Love is something uncomprehendable. What makes you fall head over heels for someone and desire to spend your life trying to make their life better? Where does this supernatural force come from which draws you to someone so forwardly that your life goal is to pursue their happiness? Love is selfless. It makes you a servant...a blind servant. One who serves despite living conditions or financial situations. You are bonded to one other person strongly enough to take risks and make spontaneous decisions as long as it benefits the other individual.
This is extravagently against human nature. We are selfish, self motivated human beings who are driven to survive and we do all we can to be at the top, be the best and to trample all who get in our way. So where does the upside down law of love come from? A law that puts you and your wants/needs last? An attraction that makes that person perfect in your eyes despite flaws that in the end just make then more lovable. Who knew that after fours years I would still be deeply in love with this man and still get those wonderful butterflies in my stomach knowing he is going to call.
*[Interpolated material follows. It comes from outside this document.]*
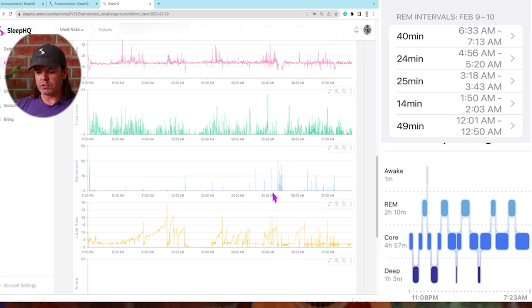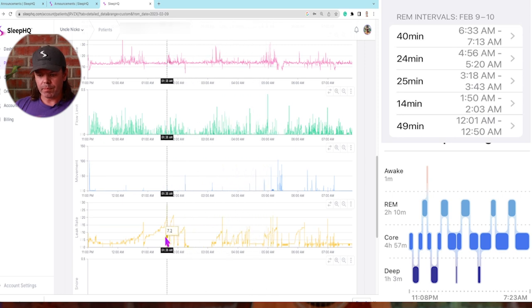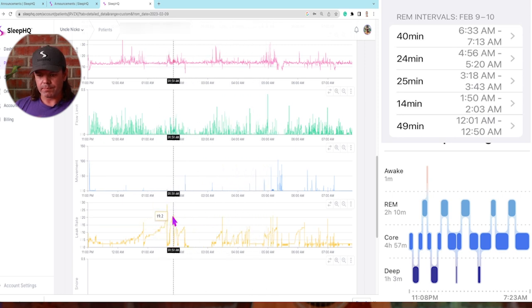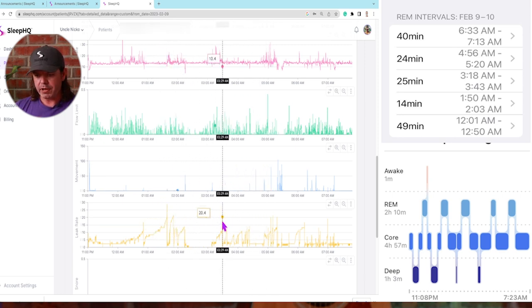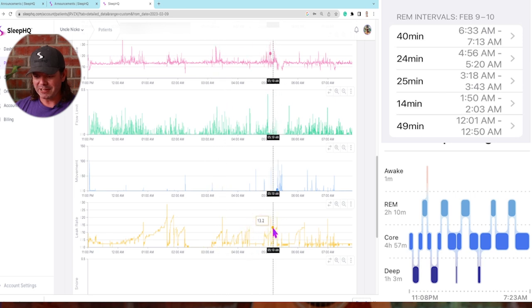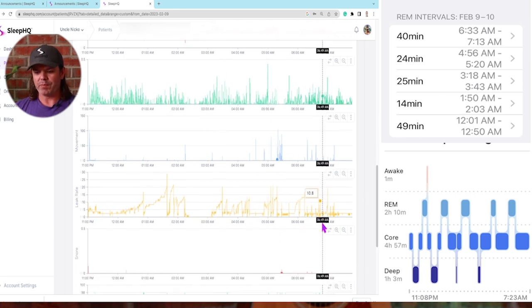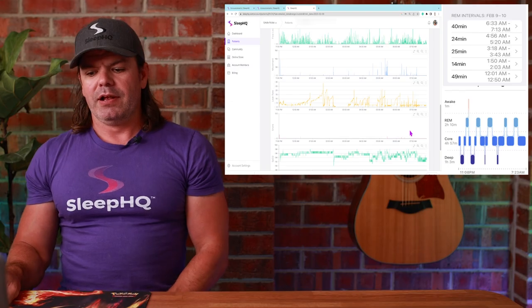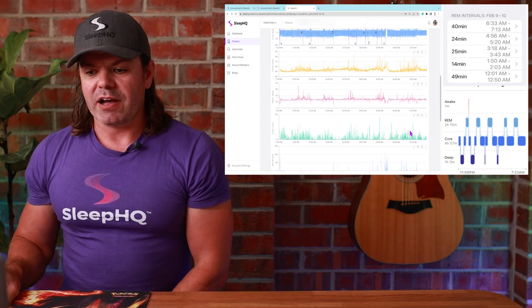We've got some snore associated. But look, every time, there's one REM period, second REM period, third REM period. Look at the leak, fourth REM period. Crazy stuff, eh?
This is my Ben...selfless, loving and uncomparably incredible. Making me feel as if I am the only woman alive. If I could give him the world I would, but sadly that cannot be offered. So I will spend my life loving him, supporting him, laughing with him, crying with him and inspiring him. I am so excited for my life with Ben and if I can be to him half of what he is to me in life I will be ecstatic!
Benjamin, this is to you...I love you, forever and always sweetheart.